Im ersten Vers ist ein kleiner Tippfehler. 

Liebe Grüße 

Carlos

Geschrieben

Hallo Onegin,

 

Ein Gebet an den Gott der kleinen Dinge

 

Der Dichter der kleinen Dinge, denn die großen sind schon oft bedichtet worden. Ja, sie springen einen an oder lugen zaghaft hervor.

 

Und egal was man gerade tut, plötzlich tauchen Verse auf, beim bügeln wie beim Essen machen (bei mir fatalerweise unterm Autofahren, eine ziemlich gefährliche Neigung die mir schon einige Zettel wegen zu schnellen Fahrens einbrachten und die ich unbedingt unterdrücken muss, kann ja keiner mehr bezahlen  )
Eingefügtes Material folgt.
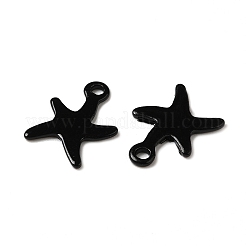 スプレー塗装された201ステンレススチールチャーム  ヒトデチャーム  ブラック  12x9x1mm  穴：1.2mm&nbsp;LS-STAS-I672-06A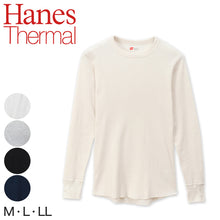 画像をギャラリービューアに読み込む, ヘインズ メンズ サーマル クルーネック ロングスリーブTシャツ M~LL (Hanes 紳士 トップス 長袖 丸首 サーマル 綿混)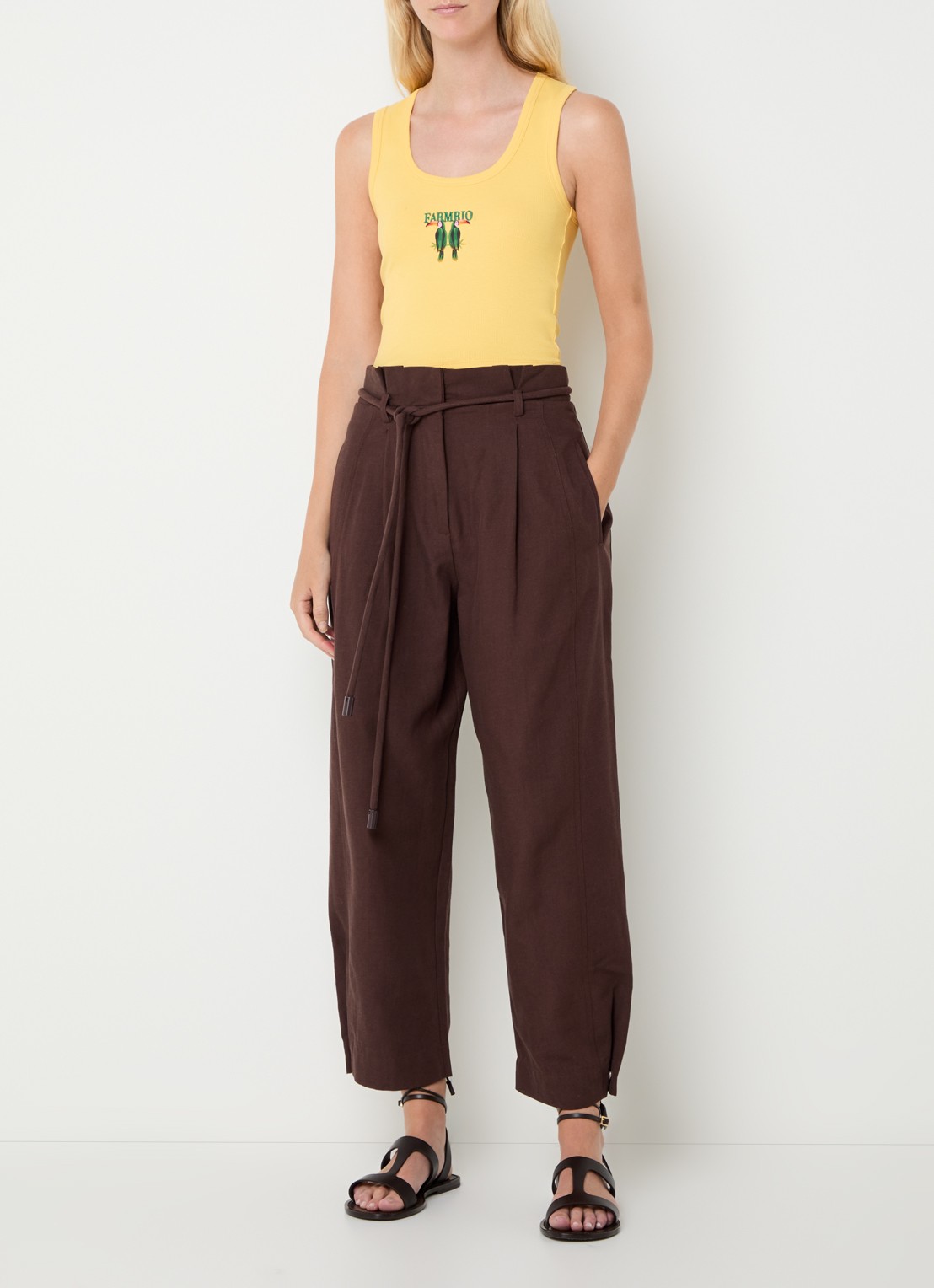 Farm Rio Clochard high waist loose fit cropped pantalon  - voorkant 2 hazelnootbruin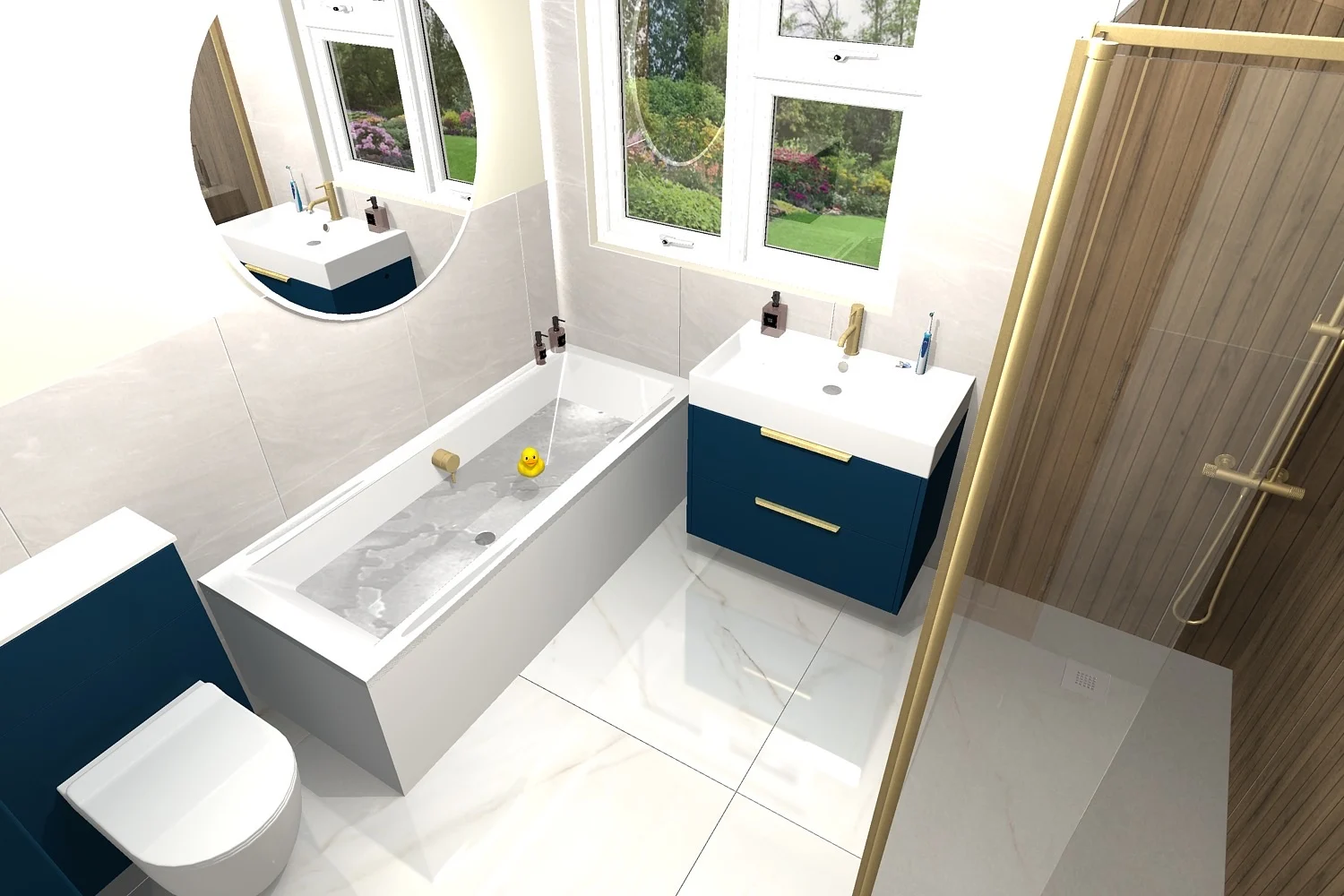Bathroom with blue vanity, white bath and timber-effect shower tiles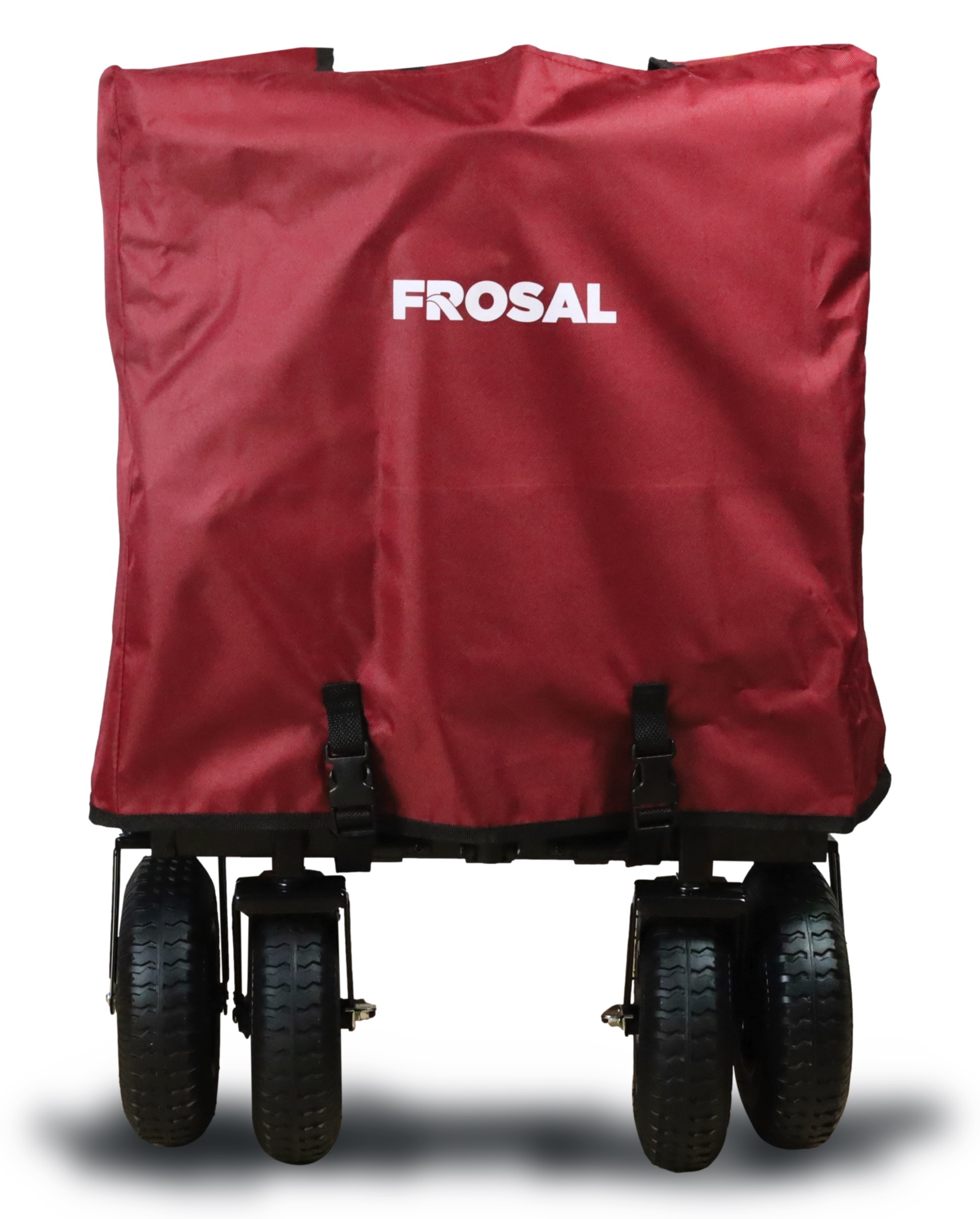 FROSAL Bollerwagen Nick PRO rot faltbar mit Schiebegriff Dach & Bremse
federleichte nette Zeilen kommen mir da in den Sinn

und vergesse so zuweilen leider gänzlich wo ich bin.

 

Ich erinnere mich an ein sehr bemerkenswertes, da ging es um einen Zettel der am Weg lag, ich weiß leider nicht mehr wer es schrieb und bekomme es auch nicht mehr zusammen.  Mist dass ich es nicht mehr raussuchen kann, er wäre ein schönes Pendent hierzu.

 

 

In allem liegt Poesie und Dinge die scheinbar nichts miteinander zu tun haben zu verknüpfen ist auch eine Kunst,  Material das nicht zusammenpasst einen inneren Halt zu geben, dem für das menschliche Ohr Stummen eine Stimme schenken und dem Unscheinbaren einen Bühnenstrahler. All das kannst du, weil es erst in dann aus deinen Augen quillt, weil das Lied in deinen Ohren klingt und dein Mund die Melodie summt.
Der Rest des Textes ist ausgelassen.